Образная характеристика Баркильфедро гласит, что он, «подобно термиту, просверливал в древесном стволе ход снизу доверху», прокладывая таким образом «подземные ходы». Ему выпала «змеиная удача», он «прополз» туда, куда стремился. Это был «полип, называемый царедворцем». Этого романтического злодея Гюго наделяет почти сатанинской силой зла. «Его сердце было горнилом, полным пылающих углей… Дикий рык раздавался в его душе». Баркильфедро чувствовал в себе «взрывчатую силу, способную метать в воздух скалы» (10, 250–251).

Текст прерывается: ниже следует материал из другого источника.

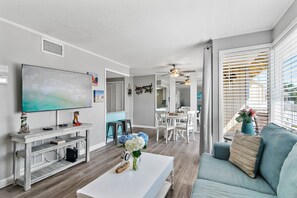 Un salon moderne doté d’un téléviseur à écran plat, d’une table basse ornée de fleurs, d’un canapé et d’un coin repas avec des chaises blanches.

Не случайно философские размышления о природе зла, которые Гюго раскрывает в романе «Человек, который смеется», связаны с фигурой Баркильфедро, ставшей образом-символом. «Таких скрытых и ядовитых людей больше, чем мы думаем. Они зловеще шныряют вокруг нас. Зачем они существуют на свете? Какой мучительный вопрос!» — восклицает автор, добавляя, что «печальные взоры философов всегда устремлены к той сумрачной вершине, которую именуют роком и с высоты которой огромный призрак зла бросает на землю пригоршни змей» (10, 236).
Излив весь пафос негодования, сарказма и возмущения против злого и развращенного мира королей, аристократов и царедворцев, писатель противопоставляет ему мир бедняков, где среди несчастий и нищеты открываются лучшие ценности человеческой души.
В своих героях — Гуинплене и Дее — автор намеренно сосредоточивает всю совокупность человеческих несчастий.
Но ни шутовская маска Гуинплена, ни слепота Деи не могут отнять у них духовной красоты. «Сирота опиралась на сироту. Урод опекал калеку. Двое одиноких нашли друг друга», — говорит писатель. Глава, в которой рассказывается о взаимной любви этих двух бедняков, носит выразительное заглавие «Лазурь среди мрака».
Одной из самых благородных и оригинальных фигур романа является и бедняк Урсус, который, отказывая себе в самом необходимом, принимает в свое жилище на колесах, а затем воспитывает двух бездомных и изуродованных детей.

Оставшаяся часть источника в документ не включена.